Project Summary and Abstract The most common neurogenic voice disorder is unilateral
vocal fold paralysis (UVFP), which can substantially reduce quality of life. Current available
surgical treatments offer only temporary improvement in voice through placement of resorbable
materials or involve permanent, invasive alteration of the larynx that incompletely restores voice
and often requires revision surgeries. There is limited access to advanced surgical procedures
with moderately better outcomes due to the need for specialized surgical techniques and an
increased risk of invasive procedures.
Functional electrical stimulation (FES) has the potential to restore dynamic vocal fold (VF)
closure (adduction), improving voice and airway protective outcomes for the UVFP patient
population. Laryngeal electromyography (LEMG) studies have shown that about 85% of those
with chronic UVFP do not have complete VF denervation, opening the door to low-intensity
closed-loop FES to reanimate paralyzed VFs. Several studies have indeed shown that
laryngeal muscles with synkinetic reinnervation can be effectively stimulated or “paced” to
restore dynamic VF opening (abduction).
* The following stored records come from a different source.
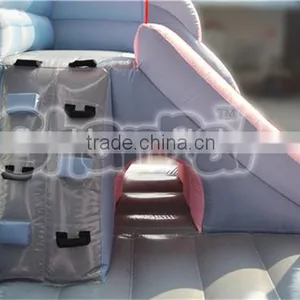 Inflatable Nylon Princess Castle for Kids thumbnail-4
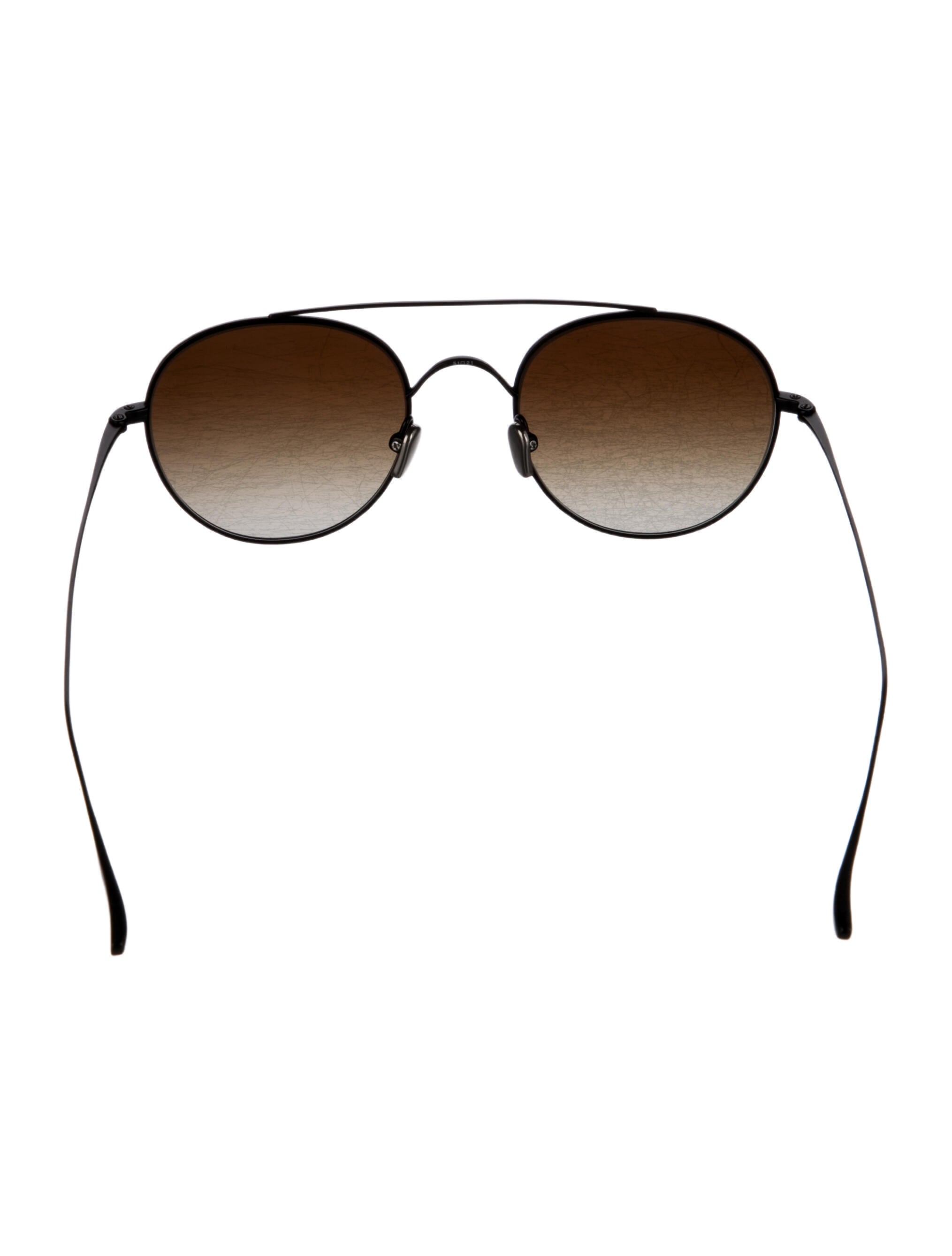 Salt Aviator Gradient Sunglasses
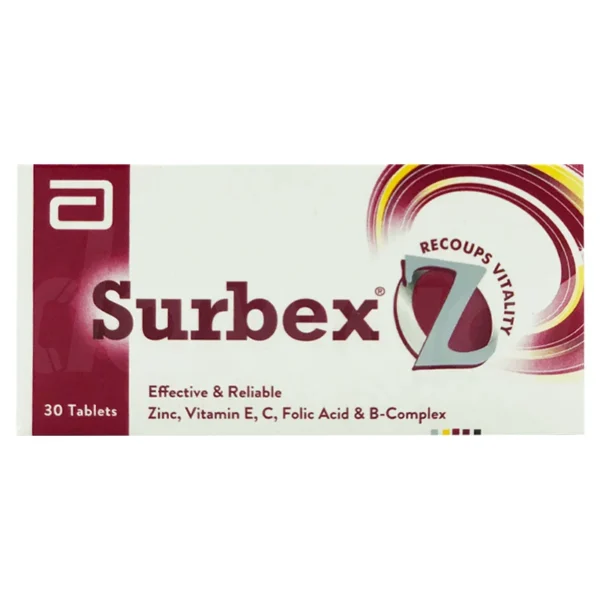 SURBEX Z 30'S TAB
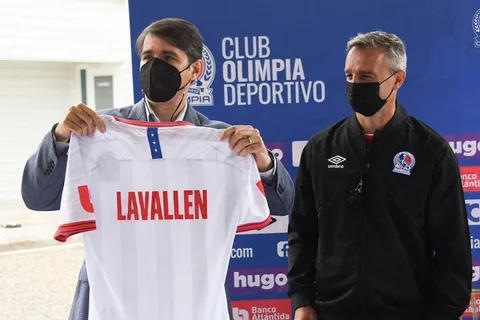 Las primeras palabras de Pablo Lavallén como entrenador del Olimpia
However, laryngeal pacing devices to date have only
stimulated VF abduction to facilitate breathing and have only used preset patterns of stimulation
(open-loop control) rather than sensing and responding to the physiological needs of the
individual (closed-loop control). Herein we describe a novel closed-loop laryngeal FES system
for reanimation of VF closure (adduction) to treat UVFP. The proposed system builds upon
proven approaches for implant devices and FES, yet includes multiple key innovative elements,
and will create an entirely new medical device tailored for reanimation of paralyzed VF
adduction to support voice and airway protection.